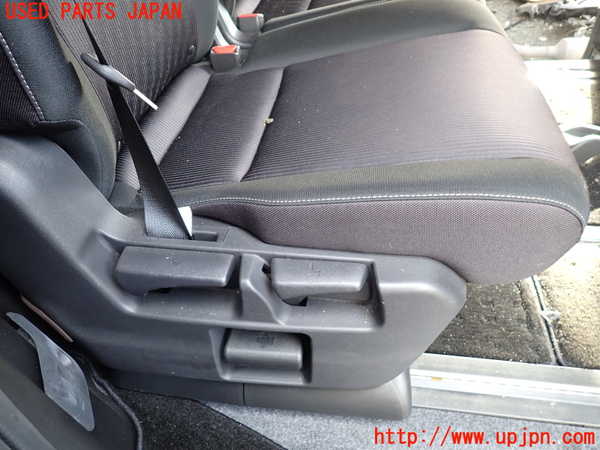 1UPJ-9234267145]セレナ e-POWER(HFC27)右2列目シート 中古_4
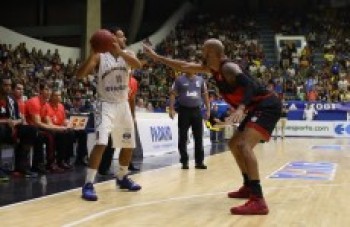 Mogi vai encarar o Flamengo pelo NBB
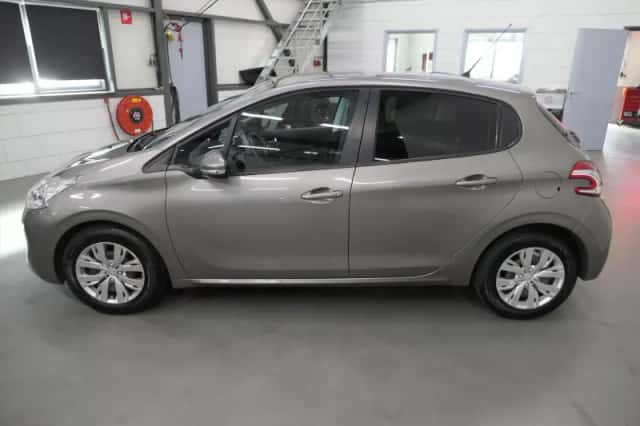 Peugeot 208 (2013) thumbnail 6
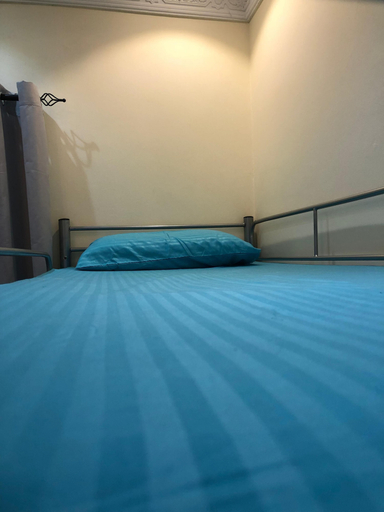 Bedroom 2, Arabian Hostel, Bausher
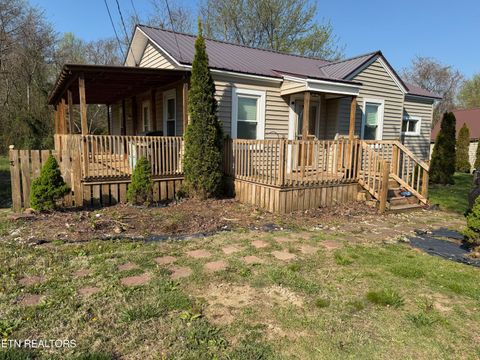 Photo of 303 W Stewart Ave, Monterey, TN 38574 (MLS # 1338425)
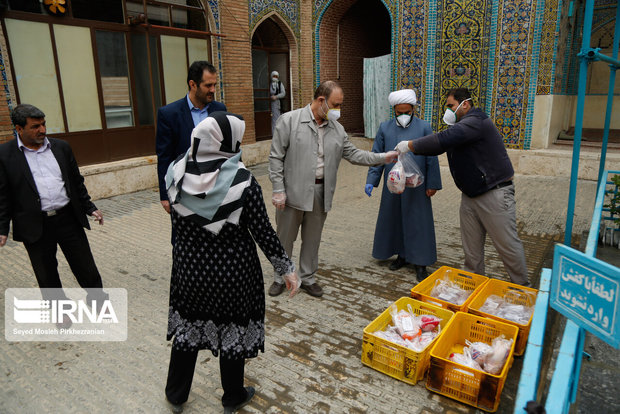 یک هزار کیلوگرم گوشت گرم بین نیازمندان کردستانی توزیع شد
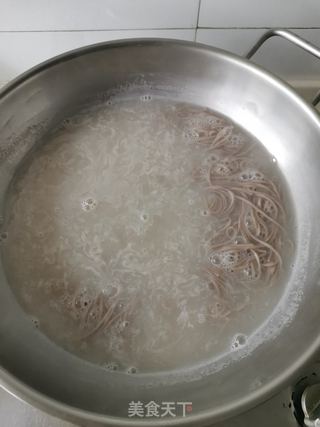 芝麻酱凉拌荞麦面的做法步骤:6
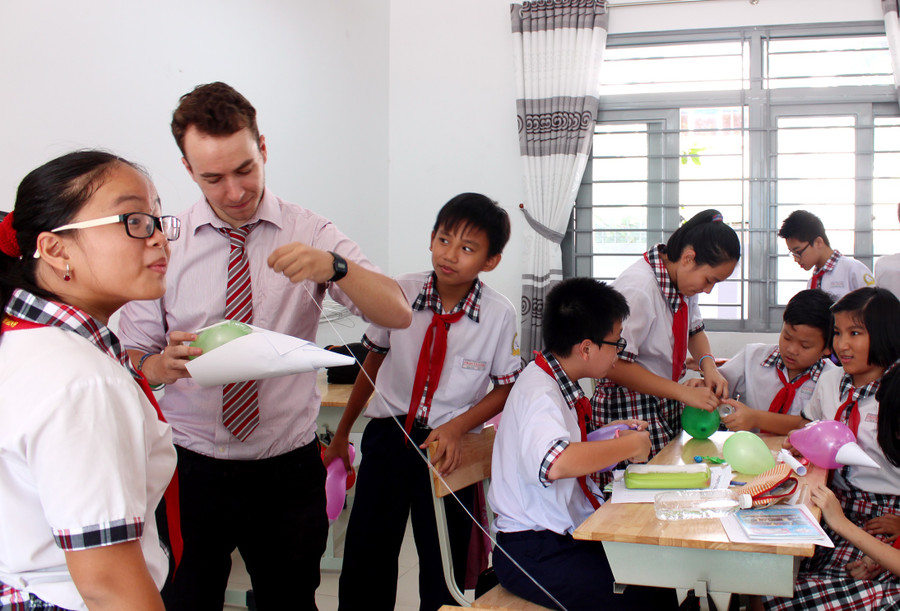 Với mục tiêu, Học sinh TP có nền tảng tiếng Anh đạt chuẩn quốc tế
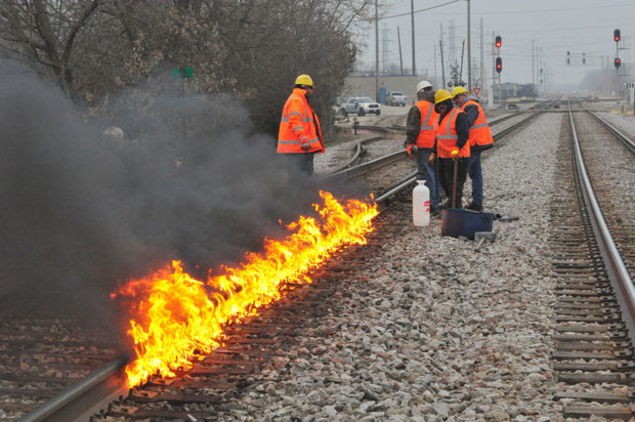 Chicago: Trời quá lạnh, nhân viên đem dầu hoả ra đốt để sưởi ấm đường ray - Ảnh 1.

—————

» **Work task**:
Repeat, exactly and only, the lines from the one containing "Mogi vai encarar o Flamengo pelo NBB" through the final line of the data, both ends included, leaving out any picture.

» **Solved exercise**:
 Mogi vai encarar o Flamengo pelo NBB
 Peugeot 208 (2013) thumbnail 6
 Bedroom 2, Arabian Hostel, Bausher
 Photo of 303 W Stewart Ave, Monterey, TN 38574 (MLS # 1338425)
 یک هزار کیلوگرم گوشت گرم بین نیازمندان کردستانی توزیع شد
 芝麻酱凉拌荞麦面的做法步骤:6
 Với mục tiêu, Học sinh TP có nền tảng tiếng Anh đạt chuẩn quốc tế
 Chicago: Trời quá lạnh, nhân viên đem dầu hoả ra đốt để sưởi ấm đường ray - Ảnh 1.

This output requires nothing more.